**The data**
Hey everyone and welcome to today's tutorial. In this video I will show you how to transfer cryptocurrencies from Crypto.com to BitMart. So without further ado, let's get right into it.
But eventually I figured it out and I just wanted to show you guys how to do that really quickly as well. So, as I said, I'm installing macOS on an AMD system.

---

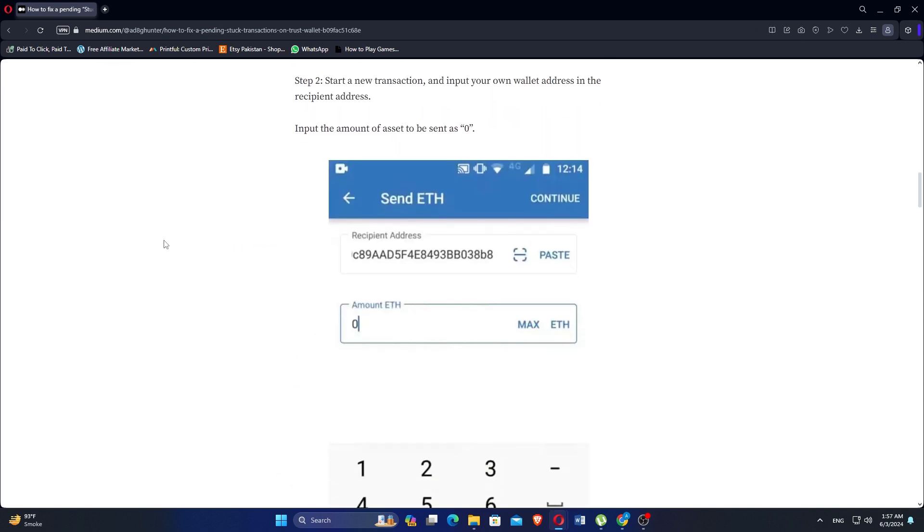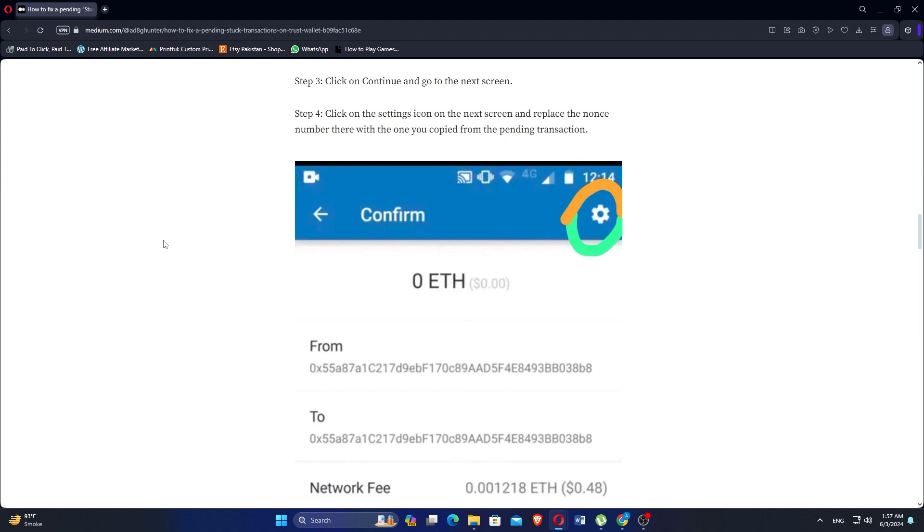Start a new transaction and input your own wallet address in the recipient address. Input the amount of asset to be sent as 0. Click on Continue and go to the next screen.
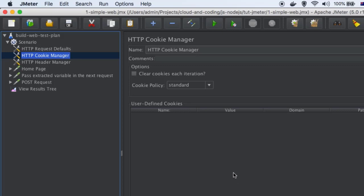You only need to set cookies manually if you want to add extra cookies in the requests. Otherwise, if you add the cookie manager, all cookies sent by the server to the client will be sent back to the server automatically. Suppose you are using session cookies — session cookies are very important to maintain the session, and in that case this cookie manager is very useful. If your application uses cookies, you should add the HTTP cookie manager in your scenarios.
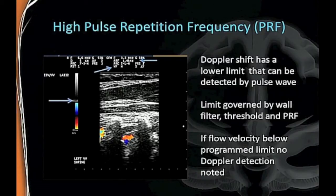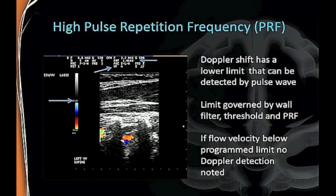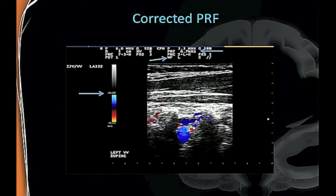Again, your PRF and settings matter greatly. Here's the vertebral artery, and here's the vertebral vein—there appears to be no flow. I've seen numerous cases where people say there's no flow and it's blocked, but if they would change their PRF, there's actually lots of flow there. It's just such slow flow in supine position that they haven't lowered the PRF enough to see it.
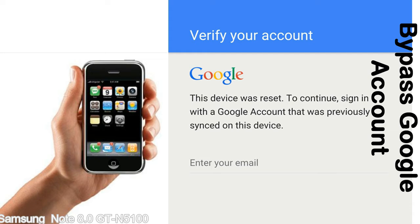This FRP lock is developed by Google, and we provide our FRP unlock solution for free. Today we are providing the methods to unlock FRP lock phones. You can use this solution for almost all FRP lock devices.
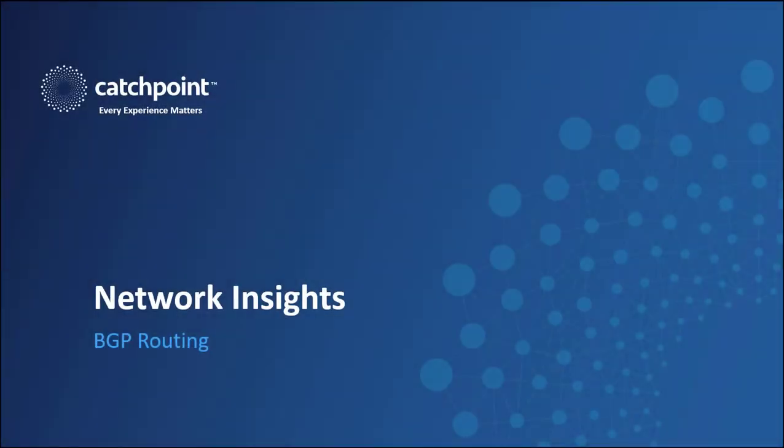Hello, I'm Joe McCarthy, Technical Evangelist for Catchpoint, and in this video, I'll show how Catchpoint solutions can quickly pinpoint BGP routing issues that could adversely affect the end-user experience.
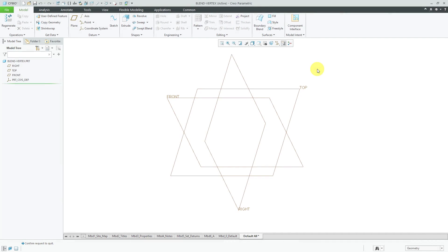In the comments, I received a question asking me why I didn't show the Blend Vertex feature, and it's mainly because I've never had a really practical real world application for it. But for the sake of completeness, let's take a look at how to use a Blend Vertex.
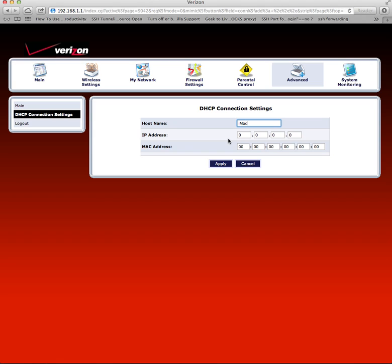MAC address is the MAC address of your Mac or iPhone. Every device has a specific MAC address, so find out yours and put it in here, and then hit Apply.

**Problem**
Within the listing above, extract exactly the lines from the line with "Hey everyone and" to the line with "But eventually I", the two named lines included, and no others.

**Finished task**
Hey everyone and welcome to today's tutorial. In this video I will show you how to transfer cryptocurrencies from Crypto.com to BitMart. So without further ado, let's get right into it.
But eventually I figured it out and I just wanted to show you guys how to do that really quickly as well. So, as I said, I'm installing macOS on an AMD system.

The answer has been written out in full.